MATERIAL FOR THE TASK:
=-=-=-=-=

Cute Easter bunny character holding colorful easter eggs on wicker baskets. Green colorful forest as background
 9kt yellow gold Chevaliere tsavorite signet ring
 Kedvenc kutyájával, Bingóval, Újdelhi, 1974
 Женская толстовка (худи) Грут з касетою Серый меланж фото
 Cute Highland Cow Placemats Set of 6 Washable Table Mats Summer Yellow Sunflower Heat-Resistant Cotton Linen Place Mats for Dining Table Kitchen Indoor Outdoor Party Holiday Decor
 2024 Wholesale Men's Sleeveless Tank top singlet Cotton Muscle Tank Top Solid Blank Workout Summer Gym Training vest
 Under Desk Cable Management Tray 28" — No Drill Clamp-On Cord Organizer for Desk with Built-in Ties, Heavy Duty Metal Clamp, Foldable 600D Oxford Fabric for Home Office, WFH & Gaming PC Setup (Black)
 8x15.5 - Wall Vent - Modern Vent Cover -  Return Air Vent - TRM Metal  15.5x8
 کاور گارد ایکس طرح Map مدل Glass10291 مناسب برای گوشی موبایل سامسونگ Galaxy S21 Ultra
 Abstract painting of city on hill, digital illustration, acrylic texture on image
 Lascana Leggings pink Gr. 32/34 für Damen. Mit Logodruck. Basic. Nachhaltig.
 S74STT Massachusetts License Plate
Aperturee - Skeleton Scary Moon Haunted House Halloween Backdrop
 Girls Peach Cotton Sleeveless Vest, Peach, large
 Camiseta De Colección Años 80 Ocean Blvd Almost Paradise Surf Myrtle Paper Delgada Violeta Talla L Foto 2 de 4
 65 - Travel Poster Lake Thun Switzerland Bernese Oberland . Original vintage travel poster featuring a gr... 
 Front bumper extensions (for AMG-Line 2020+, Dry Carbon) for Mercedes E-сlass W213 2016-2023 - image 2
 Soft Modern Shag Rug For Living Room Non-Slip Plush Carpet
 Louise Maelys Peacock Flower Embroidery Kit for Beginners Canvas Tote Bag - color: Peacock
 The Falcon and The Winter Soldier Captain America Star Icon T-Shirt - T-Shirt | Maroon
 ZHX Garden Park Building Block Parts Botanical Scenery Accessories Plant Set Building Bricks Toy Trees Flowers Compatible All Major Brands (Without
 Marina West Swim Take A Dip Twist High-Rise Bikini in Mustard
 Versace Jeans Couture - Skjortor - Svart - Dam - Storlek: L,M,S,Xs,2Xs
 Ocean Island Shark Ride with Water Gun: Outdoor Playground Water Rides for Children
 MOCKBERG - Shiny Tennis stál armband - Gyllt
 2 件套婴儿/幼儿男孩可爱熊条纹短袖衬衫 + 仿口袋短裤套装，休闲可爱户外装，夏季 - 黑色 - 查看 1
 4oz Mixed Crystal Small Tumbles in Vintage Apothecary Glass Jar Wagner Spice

=-=-=-=-=

EXERCISE DESCRIPTION:
This calls for an exact transcription of every entry above.

ANSWER BOX:
Cute Easter bunny character holding colorful easter eggs on wicker baskets. Green colorful forest as background
 9kt yellow gold Chevaliere tsavorite signet ring
 Kedvenc kutyájával, Bingóval, Újdelhi, 1974
 Женская толстовка (худи) Грут з касетою Серый меланж фото
 Cute Highland Cow Placemats Set of 6 Washable Table Mats Summer Yellow Sunflower Heat-Resistant Cotton Linen Place Mats for Dining Table Kitchen Indoor Outdoor Party Holiday Decor
 2024 Wholesale Men's Sleeveless Tank top singlet Cotton Muscle Tank Top Solid Blank Workout Summer Gym Training vest
 Under Desk Cable Management Tray 28" — No Drill Clamp-On Cord Organizer for Desk with Built-in Ties, Heavy Duty Metal Clamp, Foldable 600D Oxford Fabric for Home Office, WFH & Gaming PC Setup (Black)
 8x15.5 - Wall Vent - Modern Vent Cover -  Return Air Vent - TRM Metal  15.5x8
 کاور گارد ایکس طرح Map مدل Glass10291 مناسب برای گوشی موبایل سامسونگ Galaxy S21 Ultra
 Abstract painting of city on hill, digital illustration, acrylic texture on image
 Lascana Leggings pink Gr. 32/34 für Damen. Mit Logodruck. Basic. Nachhaltig.
 S74STT Massachusetts License Plate
Aperturee - Skeleton Scary Moon Haunted House Halloween Backdrop
 Girls Peach Cotton Sleeveless Vest, Peach, large
 Camiseta De Colección Años 80 Ocean Blvd Almost Paradise Surf Myrtle Paper Delgada Violeta Talla L Foto 2 de 4
 65 - Travel Poster Lake Thun Switzerland Bernese Oberland . Original vintage travel poster featuring a gr... 
 Front bumper extensions (for AMG-Line 2020+, Dry Carbon) for Mercedes E-сlass W213 2016-2023 - image 2
 Soft Modern Shag Rug For Living Room Non-Slip Plush Carpet
 Louise Maelys Peacock Flower Embroidery Kit for Beginners Canvas Tote Bag - color: Peacock
 The Falcon and The Winter Soldier Captain America Star Icon T-Shirt - T-Shirt | Maroon
 ZHX Garden Park Building Block Parts Botanical Scenery Accessories Plant Set Building Bricks Toy Trees Flowers Compatible All Major Brands (Without
 Marina West Swim Take A Dip Twist High-Rise Bikini in Mustard
 Versace Jeans Couture - Skjortor - Svart - Dam - Storlek: L,M,S,Xs,2Xs
 Ocean Island Shark Ride with Water Gun: Outdoor Playground Water Rides for Children
 MOCKBERG - Shiny Tennis stál armband - Gyllt
 2 件套婴儿/幼儿男孩可爱熊条纹短袖衬衫 + 仿口袋短裤套装，休闲可爱户外装，夏季 - 黑色 - 查看 1
 4oz Mixed Crystal Small Tumbles in Vintage Apothecary Glass Jar Wagner Spice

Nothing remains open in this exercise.